The pregnancy test provides confirmation of this. You could guess — or hope — that you’re pregnant even before you miss a period. Learn about the early signs and symptoms of pregnancy, as well as the reasons for their occurrence. Pregnancy signs and symptoms are well-known.

The following are some of the most prevalent early signs and symptoms of pregnancy:

  • Period was skipped. If you’re in your childbearing years and your monthly cycle hasn’t started after a week or longer, you might be pregnant. However, if you have an irregular menstrual cycle, this symptom might be deceiving.
  • Breasts that are tender and swollen. Hormonal changes early in pregnancy might make your breasts uncomfortable and aching. As your body adjusts to hormonal changes, the discomfort should subside after a few weeks.
  • Nausea that may or may not be accompanied by vomiting. Morning sickness usually starts one to two months after you become pregnant and can strike at any time of day or night. Some women, on the other hand, experience nausea sooner, while others never do.
  • Urination has increased. You could notice that you’re urinating more frequently than normal. During pregnancy, the volume of blood in your body rises, leading your kidneys to process excess fluid that collects in your bladder.
  • Fatigue. Fatigue is also one of the most common early pregnancy symptoms. Nobody knows what causes tiredness in the first trimester of pregnancy. A fast spike in progesterone levels during early pregnancy, on the other hand, may lead to weariness.
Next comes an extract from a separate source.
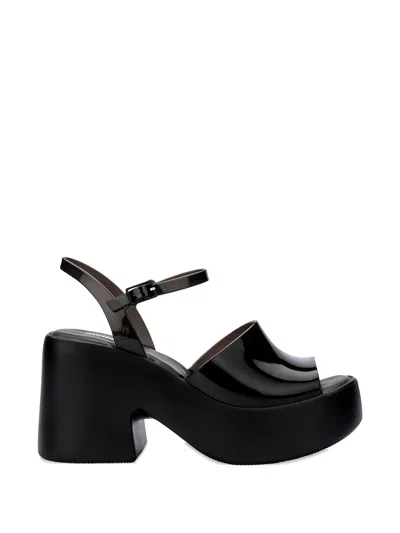 Melissa Lina Platform Sandals In Black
Other signs and symptoms of pregnancy

Other less obvious signs and symptoms of pregnancy that you might experience during the first trimester include:

  • Moodiness. Early in pregnancy, the surge of hormones in your body might make you feel especially emotional and teary. Swings in mood are also typical.
  • Bloating. Early in pregnancy, hormonal shifts might make you feel bloated, similar to how you would feel at the onset of your menstrual period.
  • Spotting. One of the early indicators of pregnancy might be light spotting. When the fertilised egg adheres to the uterine lining approximately 10 to 14 days after conception, implantation haemorrhage occurs. Implantation bleeding happens at the same time as your menstrual cycle. It is not, however, present in all women.
  • Cramping. Early in pregnancy, some women suffer minor uterine cramps.
  • Constipation. Hormonal fluctuations slow down your digestive system, which can cause constipation.
  • Aversions to certain foods. You may become more sensitive to some scents and your sense of taste may change when pregnant. These dietary choices, like most other pregnant symptoms, can be attributed to hormonal changes.
  • Congestion in the nose. The mucous membranes in your nose might expand, dry up, and bleed readily when hormone levels and blood production rise. You may get a stuffy or runny nose as a result of this.

Are you really pregnant?

A lot of these signs and symptoms aren’t only for pregnant women. Some of them might signal that you’re likely to get ill or that your menstruation is about to begin. Similarly, you might be pregnant and not have many of these symptoms.

Take a home pregnancy test or visit your health care physician if you miss a period and observe some of the aforementioned signs or symptoms. Make an appointment with your health care practitioner if your home pregnancy test is positive. The sooner you have confirmation of your pregnancy, the sooner you may start prenatal care.

Start taking a daily prenatal vitamin if you’re trying to get pregnant or have recently found out you’re expecting. Important vitamins and minerals, such as folic acid and iron, are usually found in prenatal vitamins to help your baby thrive.